お好み焼き3つと焼きそば。そしてリーダーが大好きな生姜焼き定食まで頼んだ。
彼らは5人だけでテーブルを囲み、グラスを合わせて、言った。
「かんぱーい」
すると乾杯したのにタクヤ(引用者注:木村拓哉)が思わず。
「乾杯じゃねえよ」
その状況のありえなさにツッコむ。
そんな「ありえない状況」も、彼らとスタッフが長年築いた信頼関係から生まれたといえる。
温泉旅館のカラオケで歌った“あの曲”
5人旅のクライマックスは、有馬温泉の旅館内にあるカラオケに行く場面だった。

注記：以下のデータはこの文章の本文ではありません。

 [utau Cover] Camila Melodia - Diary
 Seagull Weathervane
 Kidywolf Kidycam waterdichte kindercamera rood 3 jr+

このとき彼らは、まさか自分たちの歌は歌わないだろうというスタッフの予想に反し、どんどん自分たちの曲を入れ、歌っていく。とくにリーダーはそれが楽しくなり、かなり酒が回ってきたところで、あの曲を入れた。
それは《大切な友達に贈る彼らの曲。ベストなフレンドに向けた曲》で、この時点で17年の番組の歴史のなかでたった2回だけ、メンバーだったモリクン(森且行)がオートレーサーになるためグループを抜ける回と、ゴロウチャンが不祥事による活動自粛から復帰した回と、グループがピンチに直面したときにみんなで歌った曲だった。
そんな特別な曲をこのときカラオケに入れ、みんなで歌い始めると、リーダーは泣き出した。ほかのメンバーはそんな彼の姿を見て爆笑する。